Stored items:
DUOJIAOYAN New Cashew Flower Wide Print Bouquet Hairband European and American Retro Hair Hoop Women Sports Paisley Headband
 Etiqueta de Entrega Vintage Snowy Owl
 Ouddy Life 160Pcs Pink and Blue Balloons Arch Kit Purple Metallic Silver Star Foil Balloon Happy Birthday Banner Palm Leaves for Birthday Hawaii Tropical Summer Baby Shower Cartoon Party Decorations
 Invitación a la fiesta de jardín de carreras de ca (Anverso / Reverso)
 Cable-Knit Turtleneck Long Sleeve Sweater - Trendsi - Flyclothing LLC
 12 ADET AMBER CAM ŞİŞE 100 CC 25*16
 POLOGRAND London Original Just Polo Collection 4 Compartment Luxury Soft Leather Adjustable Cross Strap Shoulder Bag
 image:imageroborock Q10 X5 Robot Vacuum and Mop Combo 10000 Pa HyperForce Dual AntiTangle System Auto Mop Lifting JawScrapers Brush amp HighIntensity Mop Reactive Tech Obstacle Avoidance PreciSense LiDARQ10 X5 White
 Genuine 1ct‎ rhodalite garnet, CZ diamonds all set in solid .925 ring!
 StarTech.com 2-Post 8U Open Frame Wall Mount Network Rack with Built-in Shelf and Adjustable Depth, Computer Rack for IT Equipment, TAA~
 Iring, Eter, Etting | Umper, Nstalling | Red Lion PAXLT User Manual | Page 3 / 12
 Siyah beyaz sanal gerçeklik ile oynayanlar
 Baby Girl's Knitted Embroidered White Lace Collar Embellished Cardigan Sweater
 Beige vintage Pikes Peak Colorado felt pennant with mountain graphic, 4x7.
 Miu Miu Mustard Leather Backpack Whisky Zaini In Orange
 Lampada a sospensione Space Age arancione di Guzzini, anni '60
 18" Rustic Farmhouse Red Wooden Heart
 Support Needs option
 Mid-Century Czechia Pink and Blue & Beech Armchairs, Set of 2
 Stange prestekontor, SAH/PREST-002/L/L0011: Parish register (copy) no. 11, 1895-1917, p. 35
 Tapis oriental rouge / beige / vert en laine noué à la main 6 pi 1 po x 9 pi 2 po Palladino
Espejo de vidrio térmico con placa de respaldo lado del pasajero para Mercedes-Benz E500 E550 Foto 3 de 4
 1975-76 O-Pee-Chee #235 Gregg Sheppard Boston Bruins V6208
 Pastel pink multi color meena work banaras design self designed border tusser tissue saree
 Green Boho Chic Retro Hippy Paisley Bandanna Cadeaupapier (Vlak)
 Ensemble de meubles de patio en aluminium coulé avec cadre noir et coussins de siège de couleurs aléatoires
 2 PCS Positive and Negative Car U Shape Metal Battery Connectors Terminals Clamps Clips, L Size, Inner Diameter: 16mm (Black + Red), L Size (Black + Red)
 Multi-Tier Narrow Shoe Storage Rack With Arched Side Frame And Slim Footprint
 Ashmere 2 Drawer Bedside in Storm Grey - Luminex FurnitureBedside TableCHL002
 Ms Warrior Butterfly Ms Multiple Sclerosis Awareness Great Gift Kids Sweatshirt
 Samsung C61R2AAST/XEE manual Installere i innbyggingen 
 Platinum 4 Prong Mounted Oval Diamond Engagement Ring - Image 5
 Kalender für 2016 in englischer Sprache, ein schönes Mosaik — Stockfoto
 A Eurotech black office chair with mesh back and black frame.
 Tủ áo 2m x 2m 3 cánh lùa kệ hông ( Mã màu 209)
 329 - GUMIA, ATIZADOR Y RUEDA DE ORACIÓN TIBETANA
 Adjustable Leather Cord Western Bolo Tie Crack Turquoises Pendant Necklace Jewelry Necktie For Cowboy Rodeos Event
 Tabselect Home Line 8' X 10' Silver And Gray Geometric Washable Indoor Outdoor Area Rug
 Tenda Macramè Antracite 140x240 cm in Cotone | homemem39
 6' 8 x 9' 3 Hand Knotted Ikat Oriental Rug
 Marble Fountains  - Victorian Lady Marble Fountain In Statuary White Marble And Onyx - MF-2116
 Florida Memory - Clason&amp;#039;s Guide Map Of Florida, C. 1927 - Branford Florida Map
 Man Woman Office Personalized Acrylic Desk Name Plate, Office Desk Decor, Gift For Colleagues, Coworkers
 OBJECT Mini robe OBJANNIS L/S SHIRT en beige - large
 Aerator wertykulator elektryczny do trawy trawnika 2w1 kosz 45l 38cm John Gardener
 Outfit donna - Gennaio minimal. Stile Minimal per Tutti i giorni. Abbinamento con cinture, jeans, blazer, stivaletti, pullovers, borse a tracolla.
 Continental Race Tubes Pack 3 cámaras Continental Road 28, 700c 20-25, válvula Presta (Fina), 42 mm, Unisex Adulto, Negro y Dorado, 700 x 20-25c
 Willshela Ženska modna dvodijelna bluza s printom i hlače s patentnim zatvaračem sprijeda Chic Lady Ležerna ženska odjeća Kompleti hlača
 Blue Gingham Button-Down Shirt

**EXERCISE GOAL:** Extract, please, the lines from the start of the entries above through the one with "POLOGRAND London Original", both included, reproducing each exactly and adding nothing.

**EXPECTED OUTPUT:**
DUOJIAOYAN New Cashew Flower Wide Print Bouquet Hairband European and American Retro Hair Hoop Women Sports Paisley Headband
 Etiqueta de Entrega Vintage Snowy Owl
 Ouddy Life 160Pcs Pink and Blue Balloons Arch Kit Purple Metallic Silver Star Foil Balloon Happy Birthday Banner Palm Leaves for Birthday Hawaii Tropical Summer Baby Shower Cartoon Party Decorations
 Invitación a la fiesta de jardín de carreras de ca (Anverso / Reverso)
 Cable-Knit Turtleneck Long Sleeve Sweater - Trendsi - Flyclothing LLC
 12 ADET AMBER CAM ŞİŞE 100 CC 25*16
 POLOGRAND London Original Just Polo Collection 4 Compartment Luxury Soft Leather Adjustable Cross Strap Shoulder Bag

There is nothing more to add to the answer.